Second Circuit Reverses Class Certification Order, Holding That a Clearing Broker's Alleged Knowledge of Fraud Against Shareholders, Absence Direct Involvement, Is Insufficient to Create a Duty of Disclosure
In Levitt v. J.P. Morgan Securities, Inc., No. 10-4596, 2013 WL 1007678 (2d Cir. Mar. 15, 2013), theUnited States Court of Appeals for the Second Circuit reversed a district court order certifying a class of shareholder fraud plaintiffs in a lawsuit against J.P. Morgan Securities, Inc. and J.P. Morgan Clearing Corporation (“J.P. Morgan”). The decision reaffirms that a clearing broker generally owes no fiduciary duty to the owners of securities that pass through its hands. According to the Second Circuit, absent evidence that the clearing broker instigated or directed the alleged fraud by the securities issuer through high involvement, a plaintiff cannot establish a class-wide presumption of investor reliance sufficient to satisfy the predominance requirement of Rule 23(b)(3) of the Federal Rules of Civil Procedure.
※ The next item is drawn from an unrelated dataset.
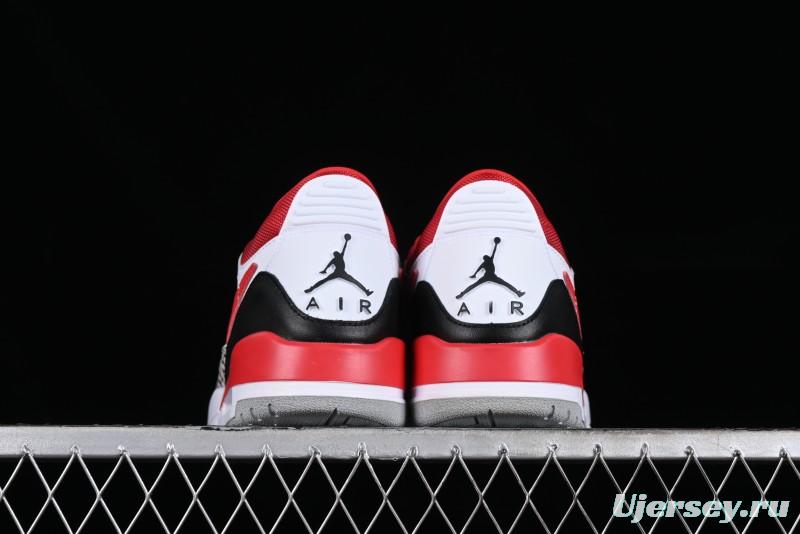 Air Jordan Legacy AJ312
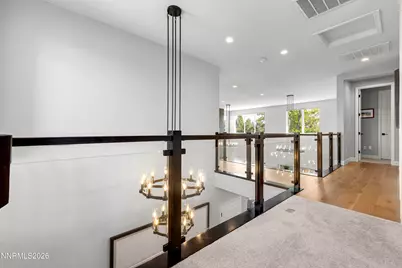 5563 Western Rider Trail, Reno, NV 89511 - Photo 33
Plaintiffs in Levitt are former customers of a defunct New York broker-dealer, Sterling Foster & Company, Inc. (“Sterling Foster”), for which Bear Stearns, as a clearing broker, performed certain settlement and record-keeping functions. J.P. Morgan acquired Bear Stearns in 2008. According to the investor plaintiffs, Sterling Foster manipulated a 1996 initial public offering of ML Direct stock, causing investors to suffer loses. Plaintiffs allege that Bear Stearns violated Section 10(b) of the Securities Exchange Act of 1934, 15 U.S.C. § 78j(b), by participating in Sterling Foster’s market manipulation scheme.
The United States District Court for the Southern District of New York granted class certification, finding that if plaintiffs’ allegations were true, Bear Stearns owed a fiduciary duty to disclose the scheme to the class. According to the district court, based upon this duty to disclose, plaintiffs alleged a material omission of fact by Bear Stearns sufficient to establish a rebuttable presumption of class-wide investor reliance and satisfy the predominance requirement of Rule 23(b)(3).
On appeal, the Second Circuit explained that for an omission to be actionable under Section 10(b), the defendant must be subject to an underlying duty to disclose. Under Affiliated Ute Citizens of Utah v. United States, 406 U.S. 128, 153-54 (1972), an omission of a material fact by a defendant with a duty to disclose establishes a rebuttable presumption of class-wide reliance upon the omission by the investors to whom the duty was owed.
The Second Circuit concluded that plaintiffs’ allegations that Bear Stearns participated in Sterling Foster’s fraudulent conduct by continuing to clear transactions despite alleged knowledge of the ongoing scheme and by failing to cancel unpaid trades failed to trigger a duty of disclosure to Sterling Foster’s clients such that the Affiliated Ute presumption of reliance applied. Specifically, the Court contrasted the difference between a primary broker-dealer, like Sterling Foster, and a clearing broker, like Bear Stearns, which is hired to perform nominal back-office services associated with securities trading. The Court recognized that a clearing broker is generally under no fiduciary duty to the clients of the primary broker.
The Second Circuit held that plaintiffs had not adduced any evidence at the class certification stage indicating that Bear Stearns directed or instigated sham or fraudulent trades, or that it otherwise departed from normal clearing functions, such to establish that Bear Stearns owed the investors a duty of disclosure. As such, plaintiffs could not employ a class-wide presumption of investor reliance and the district court erred in certifying a Rule 23(b)(3) class.
By confirming that a clearing broker generally does not owe a duty of disclosure to investors absent extraordinary circumstances (such as where the broker is directly and highly involved in the alleged fraudulent scheme), this decision reinforces the legal protections afforded clearing brokers from liability to investors. It also exemplifies the use of Rule 23 (and related interlocutory appeal procedures) to obtain a dispositive ruling on a common merits issue at the class-certification stage.